Guideline recommendation (Evidence A — the highest level of evidence for any medication in spinal stenosis): Limaprost is recommended for patients with the cauda equina type or mixed type (Strength 2, consensus rate 85%). Multiple clinical trials have confirmed improvements in leg numbness, walking distance, and quality of life (QOL). Importantly, no increase in adverse events was reported compared to other medications, making it a medication with a strong safety profile. On the other hand, evidence for its effectiveness against nerve root-type pain (strong one-sided pain) is lacking.
5. Weak Opioid Pain Relievers — For Moderate to Severe Pain
| Generic Name | Brand Examples | Key Features |
|---|---|---|
| Tramadol + Acetaminophen | Ultracet | Two active ingredients that relieve pain through different mechanisms |
| Tramadol (extended-release) | ConZip, Ultram ER | Taken twice daily for sustained pain relief |
How they work: Tramadol is a stronger pain reliever used when anti-inflammatory medications are not enough.
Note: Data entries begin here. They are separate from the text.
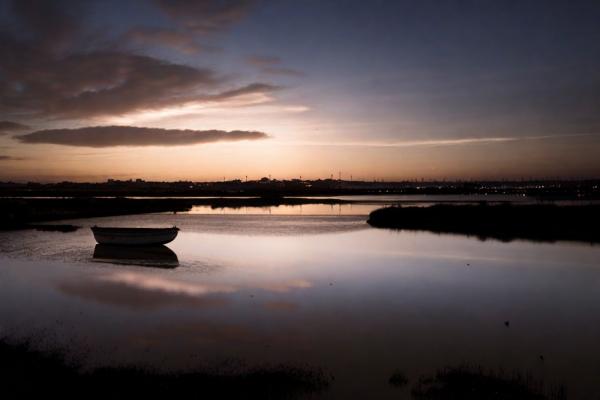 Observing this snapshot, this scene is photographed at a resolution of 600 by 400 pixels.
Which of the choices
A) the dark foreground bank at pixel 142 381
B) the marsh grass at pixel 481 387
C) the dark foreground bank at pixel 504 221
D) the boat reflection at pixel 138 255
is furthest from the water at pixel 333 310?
the dark foreground bank at pixel 504 221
It works by acting on "pain switches" in the brain and spinal cord to weaken pain signals. It also supports your body's descending pain inhibitory pathway (the natural "pain brake" system), helping to reduce how pain is transmitted. It is used for cancer pain, chronic back and joint pain, and nerve pain.
Possible side effects: Common side effects include nausea, constipation, drowsiness, dizziness, and feeling foggy or lightheaded.
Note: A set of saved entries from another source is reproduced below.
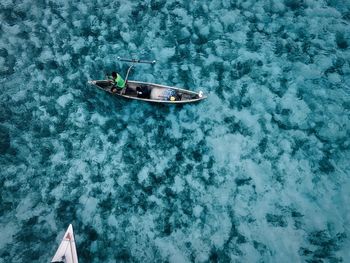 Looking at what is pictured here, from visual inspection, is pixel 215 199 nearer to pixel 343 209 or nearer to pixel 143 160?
pixel 143 160

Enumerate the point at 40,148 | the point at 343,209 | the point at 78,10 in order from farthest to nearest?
the point at 78,10
the point at 40,148
the point at 343,209

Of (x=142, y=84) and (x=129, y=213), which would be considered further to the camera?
(x=142, y=84)

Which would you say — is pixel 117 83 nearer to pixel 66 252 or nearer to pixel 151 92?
pixel 151 92

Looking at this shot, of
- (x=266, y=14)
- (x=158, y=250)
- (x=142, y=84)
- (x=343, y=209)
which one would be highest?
(x=266, y=14)

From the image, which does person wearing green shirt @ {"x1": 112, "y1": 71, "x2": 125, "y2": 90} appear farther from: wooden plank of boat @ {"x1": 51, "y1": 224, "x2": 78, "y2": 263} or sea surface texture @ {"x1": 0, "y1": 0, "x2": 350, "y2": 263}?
wooden plank of boat @ {"x1": 51, "y1": 224, "x2": 78, "y2": 263}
A note for older patients: In older adults, drowsiness and dizziness can increase the risk of falls, and constipation may become particularly bothersome. Be especially careful when first starting the medication or when the dose is increased. If you notice anything unusual, don't try to push through it — let your doctor know right away.
6. Other Medications
| Generic Name | Examples | Key Features |
|---|---|---|
| Muscle relaxants (various) | Tizanidine, cyclobenzaprine | Relieve muscle tension and spasm |
| Methylcobalamin (Vitamin B12) | Methycobal | Supports nerve repair |
| Traditional herbal medicine | Hachimijiogan (a Japanese/Chinese herbal formula) | Used for leg numbness and cold sensations |
| Strong opioids | — | For very severe pain (used cautiously due to dependence risk) |
About Methylcobalamin (Vitamin B12): One clinical trial (152 patients, 24 months) showed improvement in walking distance, but because it was combined with other treatments, it is not possible to determine whether methylcobalamin alone was responsible. It should be considered supplementary at best.
About herbal medicine (Hachimijiogan): One clinical trial (27 patients, 8 weeks) showed improvement in back pain, numbness, and intermittent claudication, with no adverse events. However, the small sample size means the evidence is limited. It should also be considered supplementary.